** Opening DATA EXCERPT block **
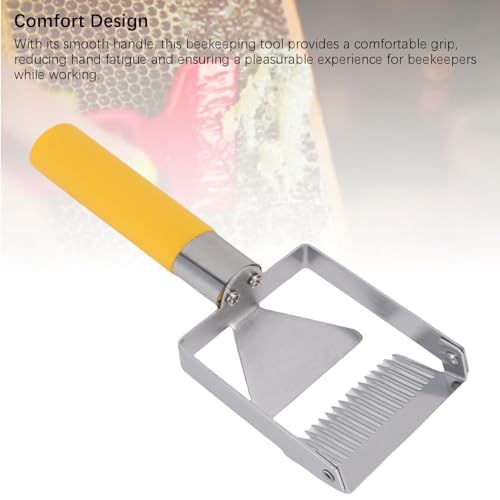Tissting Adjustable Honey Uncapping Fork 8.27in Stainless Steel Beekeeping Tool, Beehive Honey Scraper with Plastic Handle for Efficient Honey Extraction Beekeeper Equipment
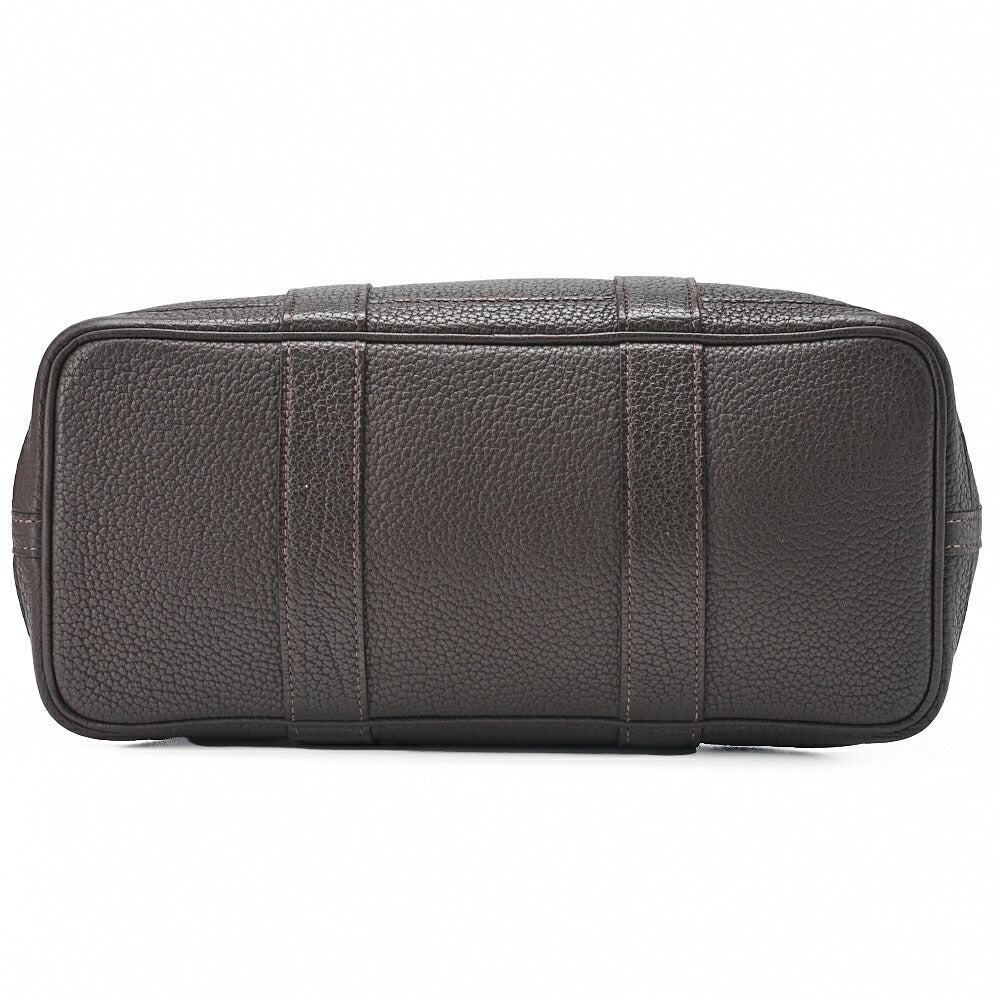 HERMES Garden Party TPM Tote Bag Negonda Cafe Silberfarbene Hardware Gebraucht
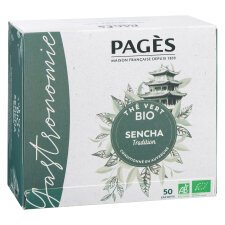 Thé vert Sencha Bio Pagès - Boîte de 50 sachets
** Closing DATA EXCERPT block **
Would you return the data exactly as written, without the pictures?

** SOLUTION TO THIS TASK **
Tissting Adjustable Honey Uncapping Fork 8.27in Stainless Steel Beekeeping Tool, Beehive Honey Scraper with Plastic Handle for Efficient Honey Extraction Beekeeper Equipment
 HERMES Garden Party TPM Tote Bag Negonda Cafe Silberfarbene Hardware Gebraucht
 Thé vert Sencha Bio Pagès - Boîte de 50 sachets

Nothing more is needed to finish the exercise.